7 digits. The IMO number is printed on the vessel hull and listed on Equasis / IMO GISIS.

How this works

This tool returns hits from the [0x]INT v0.1 shadow-fleet lookup table — a curated subset built from the OFAC SDN list, EU Official Journal designations, UK OFSI consolidated list, and primary press reporting. v0.1 covers a small sample of vessels (Eagle S as the canonical example); v1.0 (planned August 2026) will cover the full deduplicated cross-list of approximately 287 vessels with daily updates.

No lookup logs are stored, no analytics, no cookies. The data file is fetched once on page load and queried in the browser.

What "shadow fleet" means

The term shadow fleet (or "dark fleet") describes ageing tankers used to move sanctioned oil — most prominently Russian crude sold above the G7 price cap — while evading the conventional insurance, flag, and ownership controls that govern mainstream shipping. These vessels are identified not only by appearing on a sanctions list but by behavioural indicators: opaque or repeatedly changing ownership, flag-hopping between flags of convenience, sailing without recognised Western P&I insurance, and AIS (transponder) gaps or spoofing around loading and ship-to-ship transfer zones. A vessel's IMO number is the one identifier that does not change when a ship is renamed, reflagged, or sold, which is why it is the reliable key for cross-list sanctions research. This Shadow Fleet IMO Lookup uses that fixed number to run a Russia sanctions cross-check — testing a tanker against multiple sanctions registries at once and flagging the behavioural patterns associated with sanctions evasion.

How to read the results

Enter the 7-digit IMO number printed on the hull (also listed on Equasis and IMO GISIS) and select Lookup. A HIT card shows the vessel name, its cross-list status across OFAC SDN, the EU Official Journal, and UK OFSI, its current flag, type and build details, any documented incidents with sources, and a plain-language verdict. A NO HIT result means the IMO is not in the current v0.1 sample — it is not a clearance, because v0.1 covers only a small curated set of vessels. Treat a hit as the start of a vessel-level investigation: confirm the listing against the primary source, then corroborate flag history and movement data before relying on the result for a compliance or insurance decision.

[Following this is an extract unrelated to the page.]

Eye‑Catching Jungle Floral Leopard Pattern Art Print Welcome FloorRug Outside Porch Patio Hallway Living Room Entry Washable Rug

When to run an IMO sanctions check

A Shadow Fleet IMO Lookup is useful whenever a vessel touches a transaction you are responsible for — chartering, insuring, bunkering, port-agency work, cargo finance, or commodity trade where the goods move by sea. Because a tanker can be renamed and reflagged in days, the vessel name on a bill of lading or a charter party is a weak identifier; the 7-digit IMO number is the one key that stays constant, so it is the right field to screen against sanctions lists. Run the check before you commit to a fixture, and re-run it when a vessel changes hands or its flag, since a previously clean ship can be designated after a new sanctions package. Read any hit as the start of a vessel-level enquiry rather than a final answer, and remember that a NO HIT in this v0.1 sample is not a clearance — for a binding decision, confirm the designation against the primary OFAC, EU, or UK source and corroborate the vessel's recent movements and flag history.

FAQ

Where do I find a vessel's IMO number?
It is a permanent 7-digit number printed on the hull and superstructure and recorded on Equasis and IMO GISIS. Unlike the name or flag, it stays with the ship for life.

Does a NO HIT mean the tanker is clean?
No. The v0.1 lookup table covers only a small sample. A NO HIT means the IMO is not in that sample, not that the vessel is unsanctioned.

Which sanctions lists are checked?
The OFAC SDN list, EU Official Journal designations, and the UK OFSI consolidated list, combined with primary press reporting in the curated dataset.

How current is the data?
Each result shows a source and snapshot date. v0.1 is a limited sample; the planned v1.0 will cover the full deduplicated cross-list with daily updates.